* Aim of the task *
Up to and including the line with "This is the", copy the records below exactly from their first line.

* Source material *
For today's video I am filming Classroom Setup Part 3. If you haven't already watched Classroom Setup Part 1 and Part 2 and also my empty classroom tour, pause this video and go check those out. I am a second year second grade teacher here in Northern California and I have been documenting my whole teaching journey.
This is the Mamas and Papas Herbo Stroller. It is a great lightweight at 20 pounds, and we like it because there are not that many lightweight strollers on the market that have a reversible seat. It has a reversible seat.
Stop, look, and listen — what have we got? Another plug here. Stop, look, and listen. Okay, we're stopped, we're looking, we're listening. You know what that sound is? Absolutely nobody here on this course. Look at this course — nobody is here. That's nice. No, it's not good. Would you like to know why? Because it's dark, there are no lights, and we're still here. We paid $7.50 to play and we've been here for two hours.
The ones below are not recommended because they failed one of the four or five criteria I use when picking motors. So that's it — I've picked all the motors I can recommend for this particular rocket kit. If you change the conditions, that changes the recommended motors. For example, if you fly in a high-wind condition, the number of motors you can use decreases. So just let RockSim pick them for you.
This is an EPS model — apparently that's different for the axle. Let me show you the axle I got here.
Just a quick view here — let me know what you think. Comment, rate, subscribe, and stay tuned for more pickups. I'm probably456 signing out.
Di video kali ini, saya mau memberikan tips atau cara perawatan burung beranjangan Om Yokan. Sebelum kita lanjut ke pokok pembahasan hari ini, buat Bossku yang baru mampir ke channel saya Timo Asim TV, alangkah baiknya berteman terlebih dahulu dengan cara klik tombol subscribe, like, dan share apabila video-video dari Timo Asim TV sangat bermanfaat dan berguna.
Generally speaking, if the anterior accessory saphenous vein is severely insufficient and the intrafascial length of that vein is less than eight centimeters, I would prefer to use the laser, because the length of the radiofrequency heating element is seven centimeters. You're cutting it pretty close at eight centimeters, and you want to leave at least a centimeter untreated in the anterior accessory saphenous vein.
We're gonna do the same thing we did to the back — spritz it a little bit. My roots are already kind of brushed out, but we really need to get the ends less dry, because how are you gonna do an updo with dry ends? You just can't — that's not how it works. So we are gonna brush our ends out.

* Solution below *
For today's video I am filming Classroom Setup Part 3. If you haven't already watched Classroom Setup Part 1 and Part 2 and also my empty classroom tour, pause this video and go check those out. I am a second year second grade teacher here in Northern California and I have been documenting my whole teaching journey.
This is the Mamas and Papas Herbo Stroller. It is a great lightweight at 20 pounds, and we like it because there are not that many lightweight strollers on the market that have a reversible seat. It has a reversible seat.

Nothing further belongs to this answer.